CBC's activities are being focused almost entirely on the performance under
the USPS pilot program and other developmental projects are being postponed. 
This concentration of energy and resources has resulted in an operating loss
in the last three quarters from CBC's activities.  Since the development
portion of the USPS pilot program is nearing completion, continued investment
at the current level into CBC is not expected to be necessary in fiscal year
1997, and as a result, the operating losses for CBC are expected to be
reduced.

In November 1995, CBC was awarded a contract to design and build 575
Electronic Money Order Dispensers (EMOD) for the USPS, 400 systems to be
attached to USPS PC's and 175 to be "stand-alone" versions.  The First Article
Test (FAT) of the CBC beta system for the "stand-alone" version of the EMOD
was completed in December 1996 and the Company is awaiting formal notice of
FAT approval from the USPS. It is anticipated that a phased deployment of the
systems will occur in the Dallas, Texas area beginning in the second quarter
of calendar year 1997.  The USPS has advised the Company that they are having
difficulty in securing a printing company that is able to economically produce
the desired EMOD form stock with the necessary security components.  This may
delay decisions regarding further deployment after the pilot program begins
and/or may generate the need for a redesign of the existing systems to
accommodate a modified paper stock.  There is no assurance that a redesign of
the existing systems will be economically feasible for both the Company and
the USPS.

Based upon continued growth in its processing operations and the recent order
of 2,379 EB920A terminals, cash flow from operations is expected to be
positive in fiscal year 1997.  As described above in "Result of Operations",
contingencies that could impact liquidity are mitigated by continuing success
in the expansion of the customer base and by the establishment of multiple
banking relationships.

In November 1996, $100,000 of short-term debt was converted into 250,000
shares of common stock. In January 1997, an additional $200,000 of short-term
debt was converted into 500,000 shares of common stock.  The remaining
$600,000 of short-term debt is convertible into common stock at $.40 - $.50 a
share.  The Company is currently reviewing its options to either 1) refinance
the $600,000 debt, or 2) effect repayment through private placement funds when
the notes become due in March and April of 1997 if the conversion option has
not been exercised by the noteholders at that time.
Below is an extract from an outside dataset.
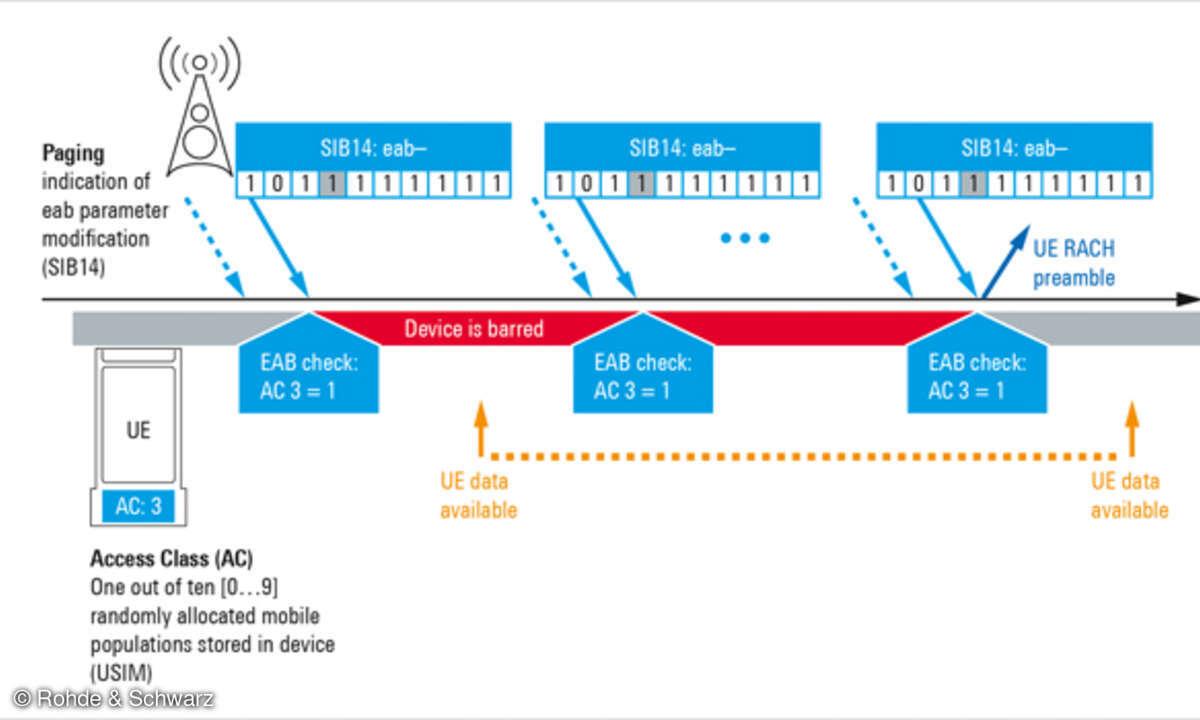 Durch die Einführung von Zugangsklassen (Access Class) lässt sich verhindern, dass zu viele IoT-Devices gleichzeitig Daten über das LTE-Netz versenden wollen.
At December 31, 1996, the ratio of current assets to current liabilities was
1.16:1 as compared to 1.12:1 at September 30, 1996.  The twelve-month average
collection period for receivables was 23 days for the three months ended
December 31, 1996 as compared to 20 days for fiscal year 1996.  The Company's
annualized  inventory turnover ratio for the current period was .93, as
compared to 4.50 for the fiscal year 1996.
  
When used in the Management's Discussion and Analysis of Financial Condition
and Result of Operations or elsewhere in this document, the word "believes",
"anticipates",  "contemplates", and similar expressions are intended to
identify forward-looking statements.  Such statements are subject to certain
risks and uncertainties which could cause actual results to differ materially
from those projected.  Those risks and uncertainties include changes in laws
and regulations affecting the Company's primary lines of business.  The
Company undertakes no obligation to publicly release the results of any
revisions to those forward-looking statements which may be made to reflect
events or circumstances after the date hereof or to reflect the occurrence of
unanticipated events.





<PAGE>












                           PART II.  OTHER INFORMATION


<PAGE>


Items 1, 2, 3, 4 & 5

These items are not applicable.



Item 6.  Exhibits and Reports on Form 8-K

     (a)   Exhibits 

           None.

     (b)   Reports on Form 8-K

           The following reports on Form 8-K were filed during the quarter
ended December 31, 1996:

           Date of Filing Item Reported

           None.          None.         
               
<PAGE>




                                   SIGNATURES



     Pursuant to the requirements of the Securities Exchange Act of 1934, the
Registrant has duly caused this report to be signed on its behalf by the
undersigned thereunto duly authorized.


                                          ELECTRONIC CLEARING HOUSE, INC.
                                               (Registrant)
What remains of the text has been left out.